The fund targets sustainable long-term returns by implementing disciplined investment process and rigorous risk management to leverage the investment strategy and dynamic asset allocation methodology. The fund has been listed on Eurekahedge and Asia Hedge as one of the top ten long/short equity funds during 2009.
The China Dragon Engine Fund was up a staggering 130% in 2009 while the Eurekahedge Greater China Long/Short Equities Index has gained 43% over the same time. How would you explain such a commendable outperformance?
Correct investment direction. We covered all the short positions in March 2009 and increased our long positions up to 70% in the second quarter. We expected to see the turning point in March 2009. A lot of stocks offered high safety of margin and the macroeconomics started to recover at that time.
We invested in the right sectors in different market cycles. For example, as the economy struggled during recession, we bought new energy stocks such as BYD Company Limited. As the economy was touching bottom, we allocated to resources, high-tech and real estate sectors which led market rally for a while. We were sensitive to the macroeconomic policy and pick-up stocks benefited the most from the government stimulus plan and the economic structure adjustment policy.

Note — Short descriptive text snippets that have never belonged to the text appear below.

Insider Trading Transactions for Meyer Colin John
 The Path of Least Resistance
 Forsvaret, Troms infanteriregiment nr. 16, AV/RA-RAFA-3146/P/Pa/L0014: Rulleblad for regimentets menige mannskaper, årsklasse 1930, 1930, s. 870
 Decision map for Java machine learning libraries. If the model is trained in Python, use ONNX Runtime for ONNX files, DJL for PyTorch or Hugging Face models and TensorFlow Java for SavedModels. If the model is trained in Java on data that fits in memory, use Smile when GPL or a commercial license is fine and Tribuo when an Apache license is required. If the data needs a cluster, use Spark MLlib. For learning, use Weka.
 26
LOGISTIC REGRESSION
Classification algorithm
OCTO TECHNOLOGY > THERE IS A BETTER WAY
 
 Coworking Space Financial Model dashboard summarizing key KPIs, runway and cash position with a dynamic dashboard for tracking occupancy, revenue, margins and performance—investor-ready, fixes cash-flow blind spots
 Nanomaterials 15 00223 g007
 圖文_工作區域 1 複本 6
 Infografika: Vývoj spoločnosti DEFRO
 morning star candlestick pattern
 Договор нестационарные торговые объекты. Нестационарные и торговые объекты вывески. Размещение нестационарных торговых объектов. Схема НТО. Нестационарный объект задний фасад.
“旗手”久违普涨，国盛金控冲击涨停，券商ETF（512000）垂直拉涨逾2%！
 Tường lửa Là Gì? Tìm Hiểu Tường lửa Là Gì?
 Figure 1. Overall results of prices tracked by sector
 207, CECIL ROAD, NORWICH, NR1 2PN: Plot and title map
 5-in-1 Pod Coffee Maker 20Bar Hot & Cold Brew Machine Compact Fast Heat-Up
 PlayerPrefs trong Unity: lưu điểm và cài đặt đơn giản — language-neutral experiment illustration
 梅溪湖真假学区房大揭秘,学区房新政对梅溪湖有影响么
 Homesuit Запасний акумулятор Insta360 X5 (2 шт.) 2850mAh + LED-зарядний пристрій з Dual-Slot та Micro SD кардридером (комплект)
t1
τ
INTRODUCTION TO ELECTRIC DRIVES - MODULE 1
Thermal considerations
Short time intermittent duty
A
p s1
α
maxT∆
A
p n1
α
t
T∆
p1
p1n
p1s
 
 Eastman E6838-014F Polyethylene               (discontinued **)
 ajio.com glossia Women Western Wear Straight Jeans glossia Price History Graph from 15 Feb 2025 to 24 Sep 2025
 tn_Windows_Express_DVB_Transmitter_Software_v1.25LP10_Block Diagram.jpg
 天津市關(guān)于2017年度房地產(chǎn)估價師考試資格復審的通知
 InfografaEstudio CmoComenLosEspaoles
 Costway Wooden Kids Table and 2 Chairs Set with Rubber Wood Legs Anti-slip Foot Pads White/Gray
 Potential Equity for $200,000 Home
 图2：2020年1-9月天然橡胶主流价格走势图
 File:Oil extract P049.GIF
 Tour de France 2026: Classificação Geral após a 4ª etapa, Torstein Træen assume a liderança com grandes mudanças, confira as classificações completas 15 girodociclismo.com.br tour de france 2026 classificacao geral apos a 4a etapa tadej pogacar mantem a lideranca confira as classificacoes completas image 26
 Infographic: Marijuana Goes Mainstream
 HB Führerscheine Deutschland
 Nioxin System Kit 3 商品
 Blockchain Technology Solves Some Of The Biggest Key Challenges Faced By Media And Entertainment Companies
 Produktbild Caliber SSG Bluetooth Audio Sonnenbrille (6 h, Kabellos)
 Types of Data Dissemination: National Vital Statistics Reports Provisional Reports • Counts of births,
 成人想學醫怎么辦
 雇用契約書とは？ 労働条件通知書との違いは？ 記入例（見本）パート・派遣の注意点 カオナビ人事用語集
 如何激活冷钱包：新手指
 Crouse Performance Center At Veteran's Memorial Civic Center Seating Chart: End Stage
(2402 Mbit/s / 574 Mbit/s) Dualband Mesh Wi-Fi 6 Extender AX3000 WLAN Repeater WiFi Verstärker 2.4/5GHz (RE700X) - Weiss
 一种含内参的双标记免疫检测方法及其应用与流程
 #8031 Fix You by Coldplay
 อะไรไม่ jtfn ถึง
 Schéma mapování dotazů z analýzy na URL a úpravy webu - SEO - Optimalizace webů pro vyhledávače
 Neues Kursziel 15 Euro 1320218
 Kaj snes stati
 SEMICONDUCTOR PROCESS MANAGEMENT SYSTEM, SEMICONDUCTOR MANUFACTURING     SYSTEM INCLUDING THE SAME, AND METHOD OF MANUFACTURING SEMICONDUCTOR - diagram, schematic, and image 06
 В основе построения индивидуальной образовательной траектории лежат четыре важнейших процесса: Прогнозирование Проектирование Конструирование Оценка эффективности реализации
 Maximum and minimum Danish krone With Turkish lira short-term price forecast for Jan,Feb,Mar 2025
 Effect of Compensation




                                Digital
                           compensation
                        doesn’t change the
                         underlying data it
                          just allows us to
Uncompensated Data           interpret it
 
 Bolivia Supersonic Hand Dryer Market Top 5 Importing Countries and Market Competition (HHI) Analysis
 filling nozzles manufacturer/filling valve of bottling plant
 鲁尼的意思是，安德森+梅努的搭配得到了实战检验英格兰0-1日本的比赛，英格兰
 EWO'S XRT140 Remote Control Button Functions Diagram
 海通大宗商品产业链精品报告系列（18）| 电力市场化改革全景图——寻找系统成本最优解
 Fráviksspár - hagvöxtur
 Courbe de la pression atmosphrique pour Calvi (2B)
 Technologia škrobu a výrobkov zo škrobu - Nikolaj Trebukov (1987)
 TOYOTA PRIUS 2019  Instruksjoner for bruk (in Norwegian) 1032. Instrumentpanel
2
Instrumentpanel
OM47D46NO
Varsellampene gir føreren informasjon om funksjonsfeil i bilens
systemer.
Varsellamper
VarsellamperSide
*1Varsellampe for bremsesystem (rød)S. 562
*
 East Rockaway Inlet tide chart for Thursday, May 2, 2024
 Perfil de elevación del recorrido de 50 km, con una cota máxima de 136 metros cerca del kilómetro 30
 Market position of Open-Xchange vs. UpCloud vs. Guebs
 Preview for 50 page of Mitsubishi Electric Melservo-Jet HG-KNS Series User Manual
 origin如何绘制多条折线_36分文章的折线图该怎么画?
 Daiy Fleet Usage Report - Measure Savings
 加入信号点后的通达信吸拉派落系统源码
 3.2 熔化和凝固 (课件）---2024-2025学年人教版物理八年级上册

We consistently dug out undervalued stocks of sector-leading companies which have high growth prospects, excellent management team, stable cash flow and outperformance over its peers. Such stocks are long-term holdings representing 60% of the fund’s assets.
Meanwhile, we also looked at some short-term trading opportunities which represented 20% of the fund’s assets. For example, based on the economic recovery cycle – we thought strong cyclical stocks such as real estate and materials stocks would pick up first, so we allocated to these sectors, including steel, non-ferrous metals, real estate and marine transportation companies, at the start of the second quarter,. We held stocks of these sector-leading companies for a short period when they were undervalued and sold them when their market value picked up.
We got the right buying points for underlined stocks and we monitored the performance and the risks of the portfolio on a timely basis. Moreover, we strengthened the in-house risk management throughout the course of the research and investment process, diversified the portfolio with more safety assets in bond and cash and utilised a harder cut loss line for equities.